Wart looks like he wants to punch me in the face. Instead he says, “He still owes me five grand. That means you owe me five grand.”

“Five grand?” I say. I had no idea Pike had borrowed so much. “Where am I supposed to get five grand?”

“You on the nice list?” Wart says, showing a mouth of broken teeth. “Maybe Santa will bring it to you. If not, you come work for me, least until your bill is paid off.”

“We’re gonna get Pike out,” I tell him.

Wart laughs. “Sure,” he says, as if I’ve said I’m going to fly to the moon. “Even if you do, he’s done working for me. I don’t work with guys who get caught. Besides, the cops’ll be watching him. Hope you’re smarter than he is.”

He turns and leaves. I don’t bother going to watch, as I just want him away from me.

I need to get home, so after waiting a few minutes I go to the door and look outside. Wart is gone. He could still be lurking around somewhere in the woods, but he’s already made his point—if I don’t pay off my family’s debt, things will get a lot worse—so it doesn’t really matter. I hightail it back to the house, where Mamaw is pacing in the kitchen, a Newport burning in one hand and the phone in the other. She hangs up a moment after I come in.

“That’s the last bail place,” she says. “Can’t afford none of them.”

I want to go hug her. Actually, I want her to hug me. I want someone to tell me everything will be okay, that Pike won’t be in jail forever and Burlie will come back. I want to be comforted. But Mamaw only leans against the sink and keeps smoking. I can tell she’s worn out. She doesn’t have anything left to give anyone else.

I go to my room and try to distract myself by reading Little, Big. But nothing can keep me from thinking about what’s going on. Five grand. Where am I going to get that kind of money? Even if Pike gets out, how is he supposed to get that kind of money if he can’t work for Wart anymore?

I have to think of something else.

Then I remember something I read when I first looked for information about Mothman, about how sometimes people leave offerings to the Mothman statue in Point Pleasant. They put out plates of sausage rolls and cans of Mountain Dew. Both things are super popular in this part of the world, and I guess people assume since Mothman is from here, he likes them, too.

I don’t have either thing in the house, but I know where I can get them. I head out to the kitchen, put on my jacket. “I’ll be back,” I tell Mamaw. She doesn’t ask where I’m going.

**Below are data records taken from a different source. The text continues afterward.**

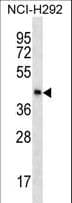 SPESP1 Antibody (aa236-262)
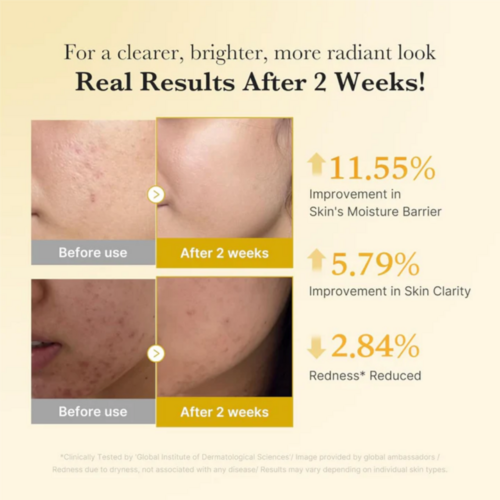 Medicube Kojic Acid Turmeric Niacinamide Serum Medicube Kojic Acid Turmeric Niacinamide Serum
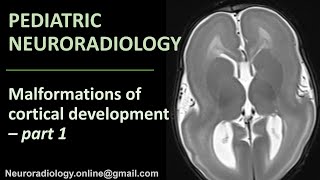 Pediatric Neuroradiology  Malformations of Cortical Development part 1 [upl. by Ohploda]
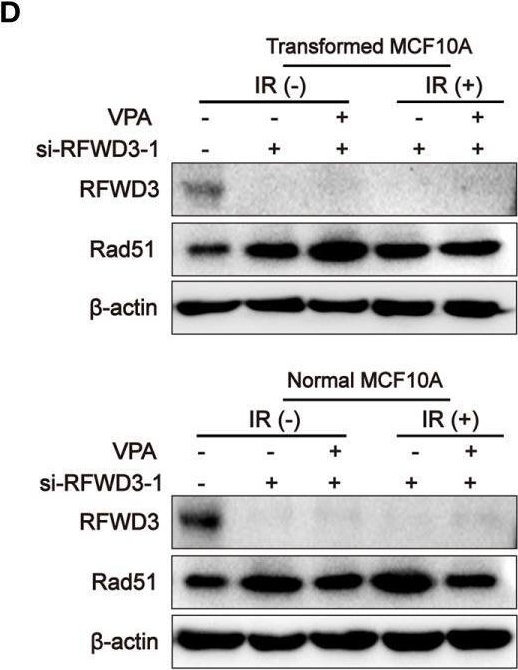 Fig.4.D showing Western Blotting from the publication: The Valproate Mediates Radio-Bidirectional Regulation Through RFWD3-Dependent Ubiquitination on Rad51.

This time, the trip to the Piggly Wiggly seems to take longer, because I’m in a hurry and want to get there and back. It’s dark by the time I get home, and I head right into the woods. When I come to the abandoned house, I take the can of Mountain Dew and the package of sausage rolls out and set them on the porch. I stand there staring at them, feeling ridiculous. But I’ve started this thing, and I need to see it through. Besides, I don’t have any other ideas.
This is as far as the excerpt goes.